When Marilyn Monroe died in 1962, her estate was worth $370,000. In 2011 the subway dress from The Seven Year Itch sold for a whopping $4.6 million. Add the gown she wore when she sang, "Happy Birthday" to President John F. Kennedy, which sold for $1.26 million in 1999, and one thing is clear. The clothes are worth more than the woman who wore them.

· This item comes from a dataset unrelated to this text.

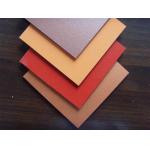 Rectangle Non Toxic 1570mm 0.03mm Alu Composite Panel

More than a half century after she was found dead on the night of August 5, 1962, Hollywood's tragic dream girl continues to fascinate. We're still mesmerized by her endlesss appeal to powerful men of every stripe, her troubled childhood, her magnetic screen presence and the msytery of what killed the woman who created Marilyn Monroe.
Based on shocking new information, author and physicican E. Z. Friedel offers a fictional first-person account of what might have heppened to the former Norma Jean Mortenson in marilyn's Red Diary. Friedel draws on his medical knowledge to explore some of the darkest questions concerning the troubled star, including who may have killed her, as he recreates the last two years of her life. This provocative and scandalous narrative is told by Marilyn herself, as she recounts the events of the day - and the steamy, sexual encounters of the night - writing in her red diary all the details and dirty little secrets about some of the most powerful people in history and entertainment.